- **TASK OBJECTIVE**
Repeat exactly the lines of the records below, starting at the line containing "2016 Ford Taurus Limited" and ending at the line containing "Двери межкомнатные б/у". Leave the pictures out.

- **DATA**

=== Begin Enclosure ===

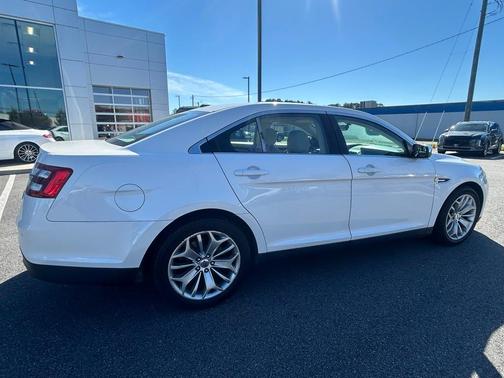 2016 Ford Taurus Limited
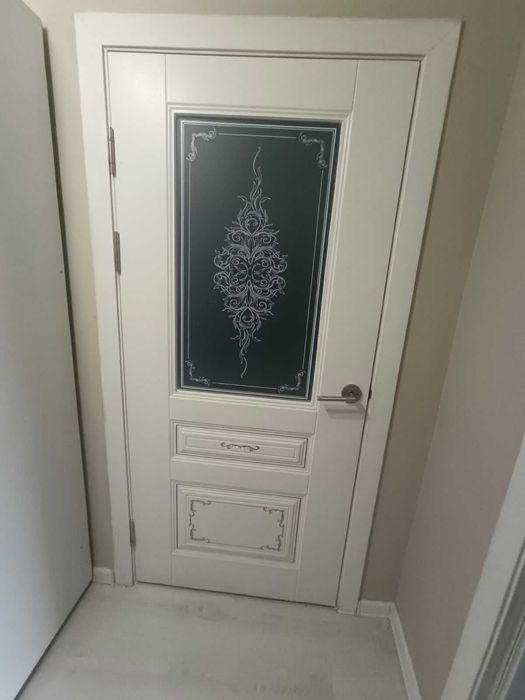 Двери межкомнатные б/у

=== End Enclosure ===
=== Begin Enclosure ===

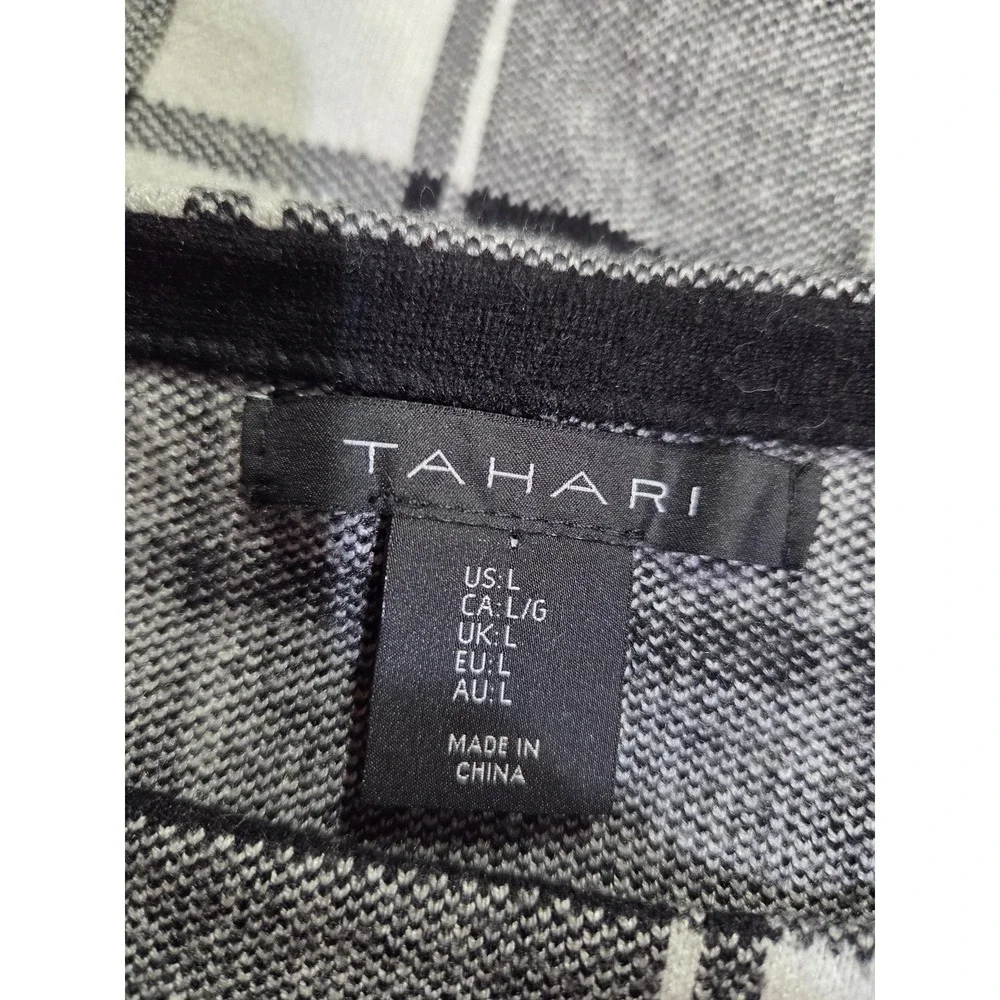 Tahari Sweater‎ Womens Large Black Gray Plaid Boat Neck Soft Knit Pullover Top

=== End Enclosure ===
=== Begin Enclosure ===

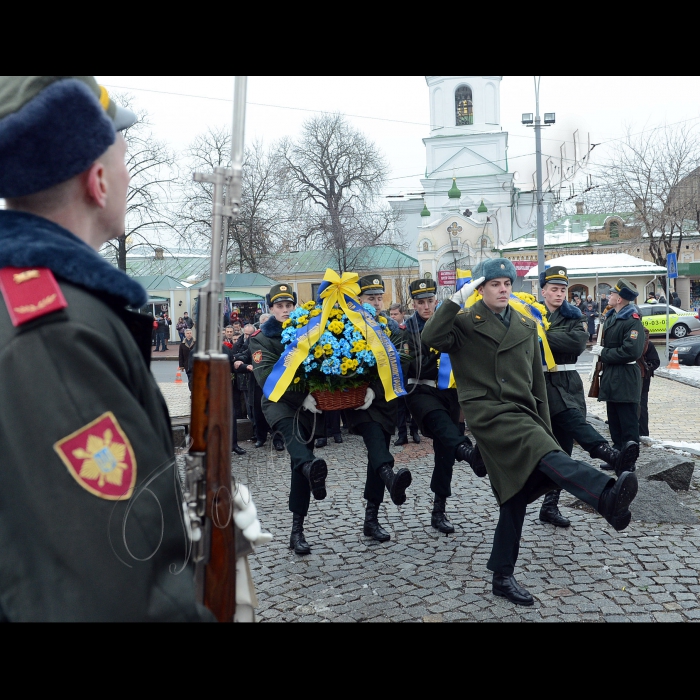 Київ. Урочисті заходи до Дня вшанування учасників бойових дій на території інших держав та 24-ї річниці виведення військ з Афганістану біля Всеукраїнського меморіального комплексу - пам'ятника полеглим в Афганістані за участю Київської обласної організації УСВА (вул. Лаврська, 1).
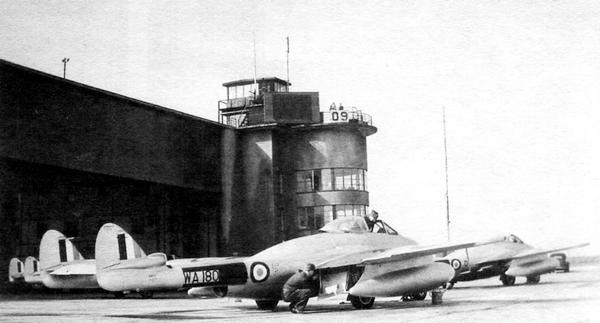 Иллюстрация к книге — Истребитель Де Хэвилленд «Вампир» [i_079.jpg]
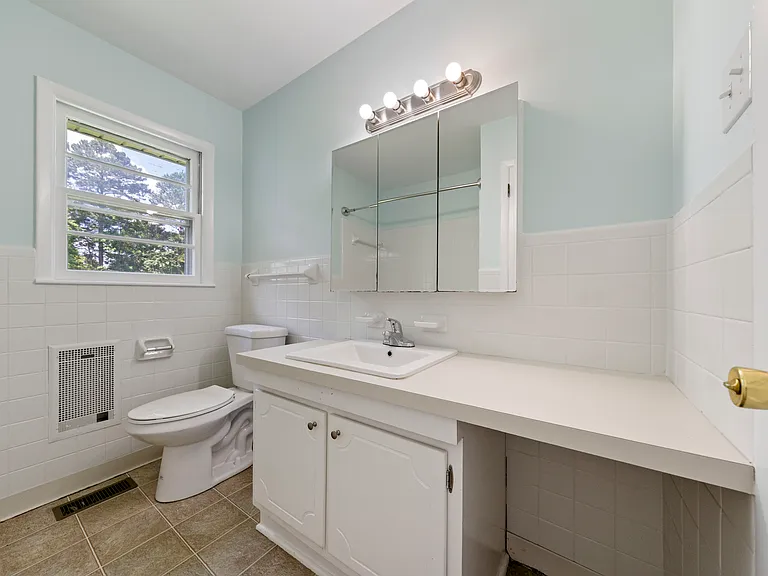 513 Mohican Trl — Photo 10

=== End Enclosure ===

- **WRITTEN ANSWER**
 2016 Ford Taurus Limited
 Двери межкомнатные б/у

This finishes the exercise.